The expected output is every line of the data exactly as shown, minus the images.

*Data segment*.
※ ※ ※
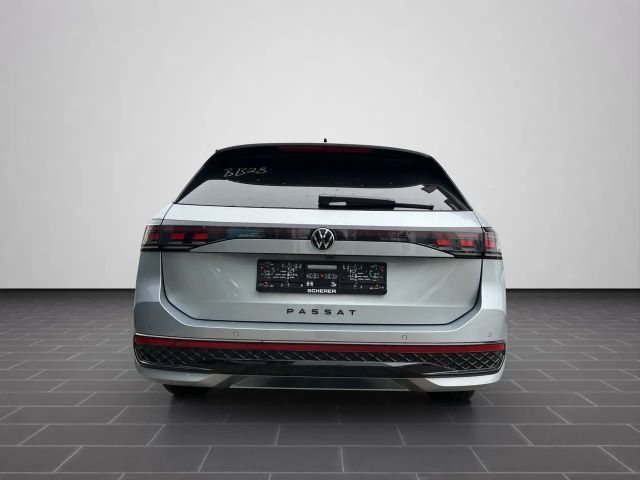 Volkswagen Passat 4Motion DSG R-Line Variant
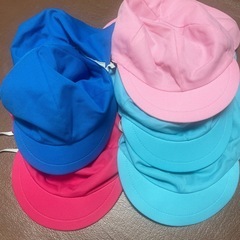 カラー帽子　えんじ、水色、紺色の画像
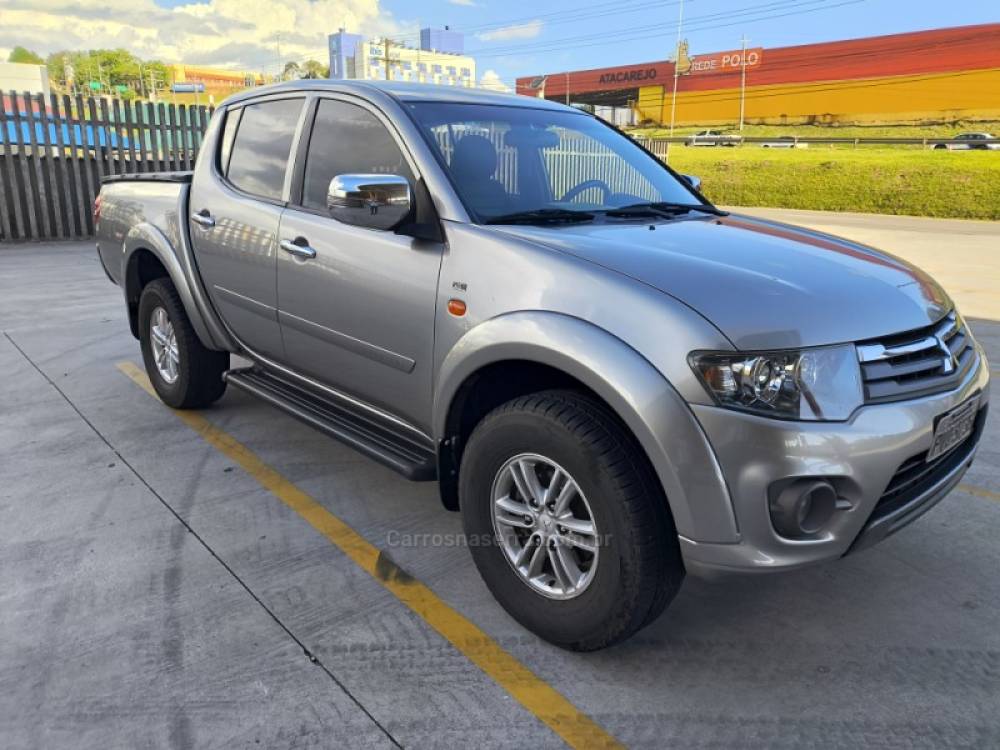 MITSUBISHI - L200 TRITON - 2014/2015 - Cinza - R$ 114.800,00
※ ※ ※
*Answer section*.
 Volkswagen Passat 4Motion DSG R-Line Variant
 カラー帽子　えんじ、水色、紺色の画像
 MITSUBISHI - L200 TRITON - 2014/2015 - Cinza - R$ 114.800,00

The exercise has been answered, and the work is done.